======== INPUT FOR THIS TASK ========

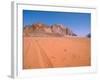 Jeep Tracks Across in Desolate Red Desert of Wadi Rum, Jordan-Cindy Miller Hopkins-Framed Photographic Print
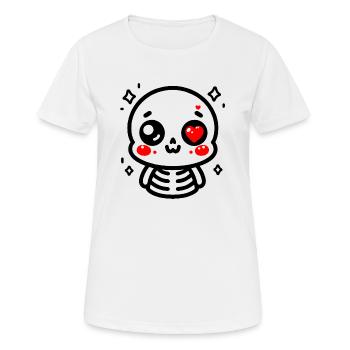 Squelette Œil en Cœur Rouge - T-shirt respirant Femme - blanc - Devant - AI Model Female 172 dark (172cm)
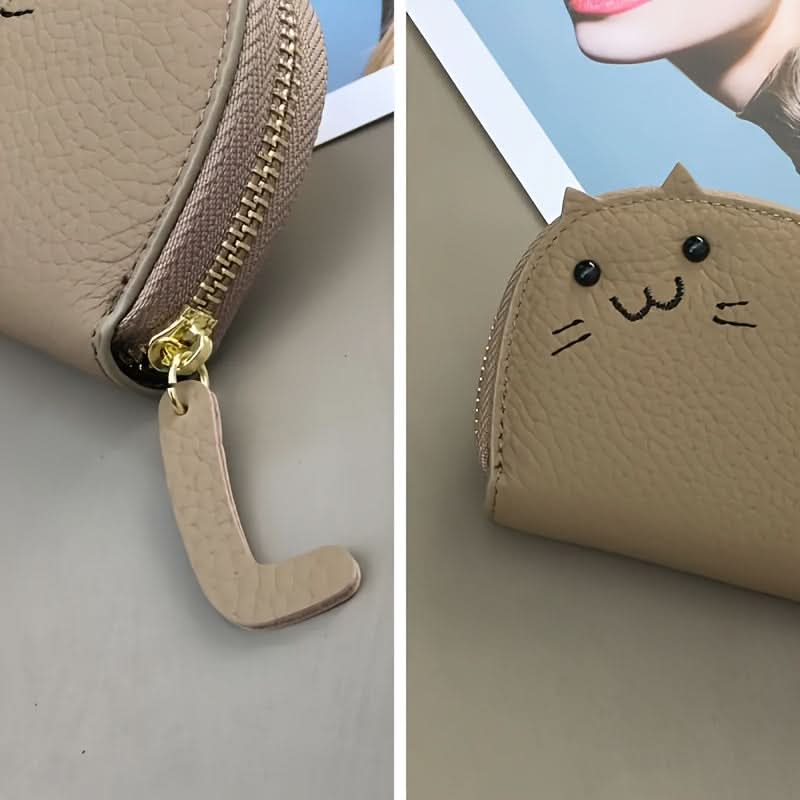 Cute Cat Card Holder for Women – Compact Multi-Card Wallet & Coin Purse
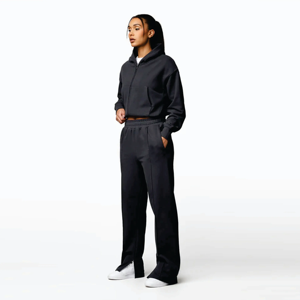 Sudadera con capucha FZ Loopback Shadow de peltre oscuro para mujer, con cremallera completa recortada, acabado lavado, transpirable, 65% algodón, 35% poliéster - Product Image 5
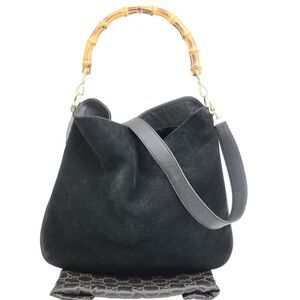 Gucci Vintage Bamboo Hobo Suede Black Suede Shoulder Bag Bag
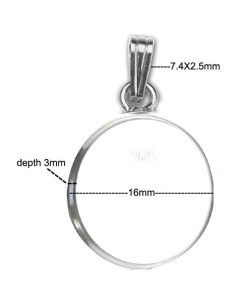 Pendiente de Bisel de Plata Esterlina 925 para Cabujón 16 mm 2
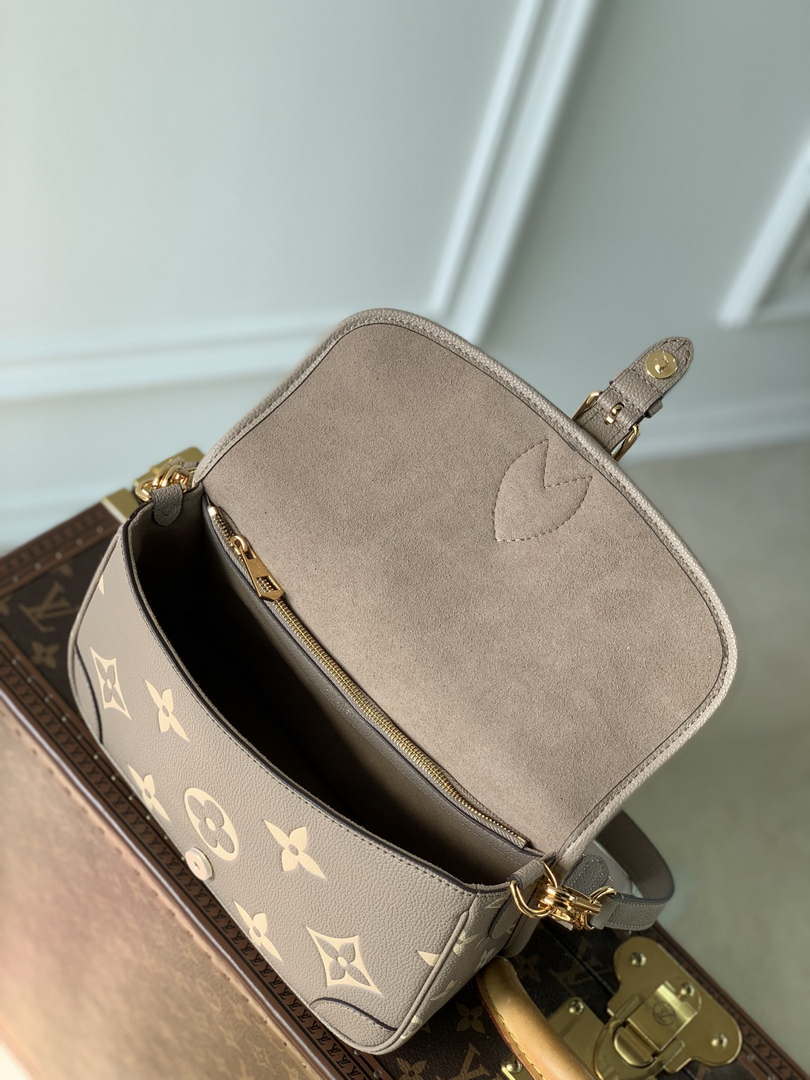 LV M46386 Louis Vuitton Diane Monogram Empreinte Leather Gray with Camel - Default Title - View 8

========

■ **TASK REQUIREMENTS**:
Transcribe exactly and only the lines from the top of the records through the line containing "Sudadera con capucha", inclusive, and do not copy the pictures.

■ **WRITTEN RESPONSE**:
 Jeep Tracks Across in Desolate Red Desert of Wadi Rum, Jordan-Cindy Miller Hopkins-Framed Photographic Print
 Squelette Œil en Cœur Rouge - T-shirt respirant Femme - blanc - Devant - AI Model Female 172 dark (172cm)
 Cute Cat Card Holder for Women – Compact Multi-Card Wallet & Coin Purse
 Sudadera con capucha FZ Loopback Shadow de peltre oscuro para mujer, con cremallera completa recortada, acabado lavado, transpirable, 65% algodón, 35% poliéster - Product Image 5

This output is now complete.